> **INFORMATION GIVEN**
* * * * * * * * *
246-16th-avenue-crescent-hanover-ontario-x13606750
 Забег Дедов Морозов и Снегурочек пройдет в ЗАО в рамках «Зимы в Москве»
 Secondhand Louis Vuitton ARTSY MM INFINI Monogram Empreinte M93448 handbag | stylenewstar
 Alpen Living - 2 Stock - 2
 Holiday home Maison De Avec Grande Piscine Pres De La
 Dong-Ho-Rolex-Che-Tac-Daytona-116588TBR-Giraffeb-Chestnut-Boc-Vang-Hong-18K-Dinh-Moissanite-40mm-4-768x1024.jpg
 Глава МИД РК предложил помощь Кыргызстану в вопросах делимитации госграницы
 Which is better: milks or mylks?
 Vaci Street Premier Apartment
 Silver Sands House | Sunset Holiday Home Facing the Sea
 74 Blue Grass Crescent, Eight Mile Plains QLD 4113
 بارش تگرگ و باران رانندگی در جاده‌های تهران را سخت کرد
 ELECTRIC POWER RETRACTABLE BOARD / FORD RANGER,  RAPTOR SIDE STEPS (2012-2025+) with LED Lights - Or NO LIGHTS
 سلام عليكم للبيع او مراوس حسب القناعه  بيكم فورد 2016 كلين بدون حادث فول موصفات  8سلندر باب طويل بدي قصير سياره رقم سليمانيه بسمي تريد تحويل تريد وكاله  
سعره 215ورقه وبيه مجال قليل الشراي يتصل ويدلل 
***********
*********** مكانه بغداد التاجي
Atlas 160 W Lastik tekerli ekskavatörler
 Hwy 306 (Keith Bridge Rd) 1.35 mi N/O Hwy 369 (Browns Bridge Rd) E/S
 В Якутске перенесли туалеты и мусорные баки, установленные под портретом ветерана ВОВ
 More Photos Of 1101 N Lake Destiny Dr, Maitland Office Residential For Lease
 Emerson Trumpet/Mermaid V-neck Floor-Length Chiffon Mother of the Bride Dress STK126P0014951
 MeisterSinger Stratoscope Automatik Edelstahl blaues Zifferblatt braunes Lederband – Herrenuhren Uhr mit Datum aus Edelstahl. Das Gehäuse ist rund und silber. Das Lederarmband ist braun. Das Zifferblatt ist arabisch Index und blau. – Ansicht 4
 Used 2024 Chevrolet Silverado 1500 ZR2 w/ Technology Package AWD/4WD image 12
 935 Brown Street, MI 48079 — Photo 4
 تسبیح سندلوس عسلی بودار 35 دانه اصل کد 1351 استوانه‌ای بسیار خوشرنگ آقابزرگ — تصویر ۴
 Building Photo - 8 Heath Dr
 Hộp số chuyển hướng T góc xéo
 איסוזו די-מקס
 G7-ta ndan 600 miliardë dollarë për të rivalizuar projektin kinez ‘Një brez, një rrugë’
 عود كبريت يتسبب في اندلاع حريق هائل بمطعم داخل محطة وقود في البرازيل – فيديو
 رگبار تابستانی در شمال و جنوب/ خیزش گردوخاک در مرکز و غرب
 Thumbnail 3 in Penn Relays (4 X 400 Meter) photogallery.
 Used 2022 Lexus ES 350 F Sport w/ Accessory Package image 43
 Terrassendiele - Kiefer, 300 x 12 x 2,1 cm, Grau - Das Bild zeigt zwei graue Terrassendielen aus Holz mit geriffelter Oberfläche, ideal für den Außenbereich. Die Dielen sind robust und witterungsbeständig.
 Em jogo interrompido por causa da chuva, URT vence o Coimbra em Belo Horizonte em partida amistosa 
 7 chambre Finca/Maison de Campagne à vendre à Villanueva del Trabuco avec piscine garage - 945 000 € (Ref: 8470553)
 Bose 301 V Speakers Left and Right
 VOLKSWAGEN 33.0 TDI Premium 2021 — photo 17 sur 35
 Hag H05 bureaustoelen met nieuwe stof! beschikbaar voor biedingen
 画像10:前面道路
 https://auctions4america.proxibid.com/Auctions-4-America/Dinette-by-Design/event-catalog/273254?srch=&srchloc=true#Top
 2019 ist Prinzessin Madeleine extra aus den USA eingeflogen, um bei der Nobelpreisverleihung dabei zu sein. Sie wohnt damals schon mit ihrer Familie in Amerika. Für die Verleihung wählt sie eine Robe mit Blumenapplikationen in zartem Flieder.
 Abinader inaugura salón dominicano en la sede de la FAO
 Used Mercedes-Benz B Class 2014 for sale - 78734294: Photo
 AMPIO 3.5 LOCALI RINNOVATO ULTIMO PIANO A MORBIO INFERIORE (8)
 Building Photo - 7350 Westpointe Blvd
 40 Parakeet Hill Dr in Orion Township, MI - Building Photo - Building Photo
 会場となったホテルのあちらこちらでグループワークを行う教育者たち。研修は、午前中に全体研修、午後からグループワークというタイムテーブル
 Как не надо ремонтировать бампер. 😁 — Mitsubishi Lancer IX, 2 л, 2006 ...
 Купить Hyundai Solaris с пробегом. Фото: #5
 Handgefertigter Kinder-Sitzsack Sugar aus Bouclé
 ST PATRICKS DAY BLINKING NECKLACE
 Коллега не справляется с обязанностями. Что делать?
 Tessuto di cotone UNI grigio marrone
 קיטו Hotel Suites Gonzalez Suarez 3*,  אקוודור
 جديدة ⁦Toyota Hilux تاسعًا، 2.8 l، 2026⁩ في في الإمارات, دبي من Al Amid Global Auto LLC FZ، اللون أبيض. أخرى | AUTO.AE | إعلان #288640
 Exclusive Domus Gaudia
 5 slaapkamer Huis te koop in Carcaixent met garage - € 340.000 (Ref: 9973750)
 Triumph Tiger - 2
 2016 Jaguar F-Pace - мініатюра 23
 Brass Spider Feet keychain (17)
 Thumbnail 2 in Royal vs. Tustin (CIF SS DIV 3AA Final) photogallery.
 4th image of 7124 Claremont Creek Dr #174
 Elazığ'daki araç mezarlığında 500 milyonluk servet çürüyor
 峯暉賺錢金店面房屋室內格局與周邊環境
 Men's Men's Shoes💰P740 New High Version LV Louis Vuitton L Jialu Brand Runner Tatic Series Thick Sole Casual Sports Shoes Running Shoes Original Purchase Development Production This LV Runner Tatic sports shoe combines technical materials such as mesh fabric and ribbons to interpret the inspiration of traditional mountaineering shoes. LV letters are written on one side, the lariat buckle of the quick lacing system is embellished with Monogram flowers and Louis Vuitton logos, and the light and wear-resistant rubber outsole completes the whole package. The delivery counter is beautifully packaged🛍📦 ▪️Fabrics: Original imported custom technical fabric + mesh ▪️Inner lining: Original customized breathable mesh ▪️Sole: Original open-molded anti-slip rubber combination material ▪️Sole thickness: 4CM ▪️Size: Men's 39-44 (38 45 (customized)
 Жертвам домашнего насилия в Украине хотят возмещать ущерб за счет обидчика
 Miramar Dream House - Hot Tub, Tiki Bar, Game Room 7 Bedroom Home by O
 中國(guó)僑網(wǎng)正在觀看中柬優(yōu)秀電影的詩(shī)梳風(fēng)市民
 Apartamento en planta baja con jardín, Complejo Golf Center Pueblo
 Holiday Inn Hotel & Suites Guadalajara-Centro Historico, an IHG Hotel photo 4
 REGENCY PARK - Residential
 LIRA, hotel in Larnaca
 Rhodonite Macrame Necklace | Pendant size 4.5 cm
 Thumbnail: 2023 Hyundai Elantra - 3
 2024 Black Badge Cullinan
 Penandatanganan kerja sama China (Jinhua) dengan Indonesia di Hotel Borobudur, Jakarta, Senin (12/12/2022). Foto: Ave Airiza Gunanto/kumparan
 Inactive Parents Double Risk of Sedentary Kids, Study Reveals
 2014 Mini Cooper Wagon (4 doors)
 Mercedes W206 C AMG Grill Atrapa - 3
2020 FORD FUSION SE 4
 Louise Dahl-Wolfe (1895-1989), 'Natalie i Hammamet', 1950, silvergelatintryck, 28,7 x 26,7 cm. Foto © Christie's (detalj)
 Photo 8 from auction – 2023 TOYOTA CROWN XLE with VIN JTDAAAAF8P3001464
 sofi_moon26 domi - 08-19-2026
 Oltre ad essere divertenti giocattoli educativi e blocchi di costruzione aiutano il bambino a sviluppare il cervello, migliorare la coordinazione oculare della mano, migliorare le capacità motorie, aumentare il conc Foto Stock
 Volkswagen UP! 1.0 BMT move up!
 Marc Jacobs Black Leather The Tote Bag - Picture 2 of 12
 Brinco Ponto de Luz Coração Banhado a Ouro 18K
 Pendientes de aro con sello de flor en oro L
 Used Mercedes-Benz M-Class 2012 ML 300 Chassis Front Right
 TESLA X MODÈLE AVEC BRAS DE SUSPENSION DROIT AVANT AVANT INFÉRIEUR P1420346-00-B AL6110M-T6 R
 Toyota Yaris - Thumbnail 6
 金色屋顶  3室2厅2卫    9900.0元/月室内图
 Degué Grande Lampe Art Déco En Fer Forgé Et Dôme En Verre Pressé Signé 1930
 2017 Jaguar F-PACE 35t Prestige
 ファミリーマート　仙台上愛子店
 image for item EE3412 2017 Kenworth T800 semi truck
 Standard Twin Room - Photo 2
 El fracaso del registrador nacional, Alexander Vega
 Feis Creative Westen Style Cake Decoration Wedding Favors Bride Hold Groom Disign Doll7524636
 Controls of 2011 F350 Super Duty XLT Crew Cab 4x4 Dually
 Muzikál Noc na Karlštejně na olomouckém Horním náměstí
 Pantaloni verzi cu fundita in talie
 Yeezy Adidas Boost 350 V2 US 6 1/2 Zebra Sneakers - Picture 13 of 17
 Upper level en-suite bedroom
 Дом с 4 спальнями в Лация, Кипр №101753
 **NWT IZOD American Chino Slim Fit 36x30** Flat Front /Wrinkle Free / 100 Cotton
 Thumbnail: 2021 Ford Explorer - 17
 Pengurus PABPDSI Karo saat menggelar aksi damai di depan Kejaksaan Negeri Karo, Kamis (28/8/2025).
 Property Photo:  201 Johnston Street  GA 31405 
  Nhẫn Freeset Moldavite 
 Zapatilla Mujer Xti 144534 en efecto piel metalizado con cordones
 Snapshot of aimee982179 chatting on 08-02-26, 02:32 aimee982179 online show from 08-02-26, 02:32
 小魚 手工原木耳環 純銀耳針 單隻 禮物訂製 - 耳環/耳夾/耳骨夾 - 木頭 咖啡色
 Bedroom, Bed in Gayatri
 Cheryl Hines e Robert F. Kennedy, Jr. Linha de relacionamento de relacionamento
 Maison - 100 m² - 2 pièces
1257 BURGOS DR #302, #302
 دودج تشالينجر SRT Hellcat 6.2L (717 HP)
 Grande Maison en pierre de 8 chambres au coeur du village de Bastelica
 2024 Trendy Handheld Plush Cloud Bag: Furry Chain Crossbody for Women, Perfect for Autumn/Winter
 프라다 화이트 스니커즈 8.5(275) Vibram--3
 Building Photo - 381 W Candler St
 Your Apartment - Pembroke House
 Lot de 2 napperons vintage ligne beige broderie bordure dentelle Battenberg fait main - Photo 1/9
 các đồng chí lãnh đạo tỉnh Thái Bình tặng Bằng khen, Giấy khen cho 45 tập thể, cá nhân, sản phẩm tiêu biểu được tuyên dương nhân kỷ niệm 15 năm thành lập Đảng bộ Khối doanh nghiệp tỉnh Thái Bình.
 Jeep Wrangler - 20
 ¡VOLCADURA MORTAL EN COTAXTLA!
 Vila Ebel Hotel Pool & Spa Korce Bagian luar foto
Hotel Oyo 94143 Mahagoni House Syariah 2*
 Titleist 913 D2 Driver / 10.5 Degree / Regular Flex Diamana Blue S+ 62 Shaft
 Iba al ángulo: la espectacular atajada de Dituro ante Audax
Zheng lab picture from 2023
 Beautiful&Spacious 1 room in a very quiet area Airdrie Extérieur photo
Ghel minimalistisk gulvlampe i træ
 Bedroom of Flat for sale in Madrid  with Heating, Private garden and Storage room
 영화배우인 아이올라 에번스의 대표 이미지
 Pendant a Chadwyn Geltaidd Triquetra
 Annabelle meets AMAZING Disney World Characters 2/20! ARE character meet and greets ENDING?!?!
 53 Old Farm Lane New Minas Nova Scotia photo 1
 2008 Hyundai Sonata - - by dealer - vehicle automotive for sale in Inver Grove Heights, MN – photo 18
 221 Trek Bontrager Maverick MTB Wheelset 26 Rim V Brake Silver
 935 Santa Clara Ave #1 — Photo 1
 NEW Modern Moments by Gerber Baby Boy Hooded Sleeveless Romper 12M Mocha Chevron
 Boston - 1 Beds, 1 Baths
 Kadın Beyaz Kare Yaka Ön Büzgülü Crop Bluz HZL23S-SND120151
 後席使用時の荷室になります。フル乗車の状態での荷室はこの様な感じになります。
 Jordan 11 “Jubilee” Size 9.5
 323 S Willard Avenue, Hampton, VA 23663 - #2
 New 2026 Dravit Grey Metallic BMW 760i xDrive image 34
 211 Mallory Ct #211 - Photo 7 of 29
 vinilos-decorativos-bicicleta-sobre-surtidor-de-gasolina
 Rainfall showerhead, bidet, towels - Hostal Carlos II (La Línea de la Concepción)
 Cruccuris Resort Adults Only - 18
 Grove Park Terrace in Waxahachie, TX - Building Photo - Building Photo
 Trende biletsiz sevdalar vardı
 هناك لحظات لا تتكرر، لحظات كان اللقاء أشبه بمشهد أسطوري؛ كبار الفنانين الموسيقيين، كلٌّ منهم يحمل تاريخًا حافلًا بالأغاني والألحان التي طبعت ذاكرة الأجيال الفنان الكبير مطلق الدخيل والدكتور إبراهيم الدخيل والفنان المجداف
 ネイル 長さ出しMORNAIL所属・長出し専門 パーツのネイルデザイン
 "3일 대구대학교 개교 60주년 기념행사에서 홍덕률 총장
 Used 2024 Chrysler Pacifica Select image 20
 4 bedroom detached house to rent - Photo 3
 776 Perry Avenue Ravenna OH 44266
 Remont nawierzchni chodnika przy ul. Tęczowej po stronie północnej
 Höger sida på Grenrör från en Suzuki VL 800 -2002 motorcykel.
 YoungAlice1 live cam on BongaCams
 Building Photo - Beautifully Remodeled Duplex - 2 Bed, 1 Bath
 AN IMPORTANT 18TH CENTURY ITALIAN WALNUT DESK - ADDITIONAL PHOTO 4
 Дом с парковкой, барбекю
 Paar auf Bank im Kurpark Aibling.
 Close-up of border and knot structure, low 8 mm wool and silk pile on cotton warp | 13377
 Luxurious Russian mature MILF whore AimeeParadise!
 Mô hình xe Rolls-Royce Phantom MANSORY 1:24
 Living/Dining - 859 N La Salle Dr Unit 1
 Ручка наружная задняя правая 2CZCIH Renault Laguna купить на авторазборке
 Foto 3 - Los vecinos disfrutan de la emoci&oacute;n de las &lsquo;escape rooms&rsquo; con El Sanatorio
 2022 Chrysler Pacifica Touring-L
* * * * * * * * *
> **ASSIGNED TASK**
Lines from the records above that hold "Street" are the ones to list.

> **WORKED SOLUTION**
 Vaci Street Premier Apartment
 935 Brown Street, MI 48079 — Photo 4
 Property Photo:  201 Johnston Street  GA 31405 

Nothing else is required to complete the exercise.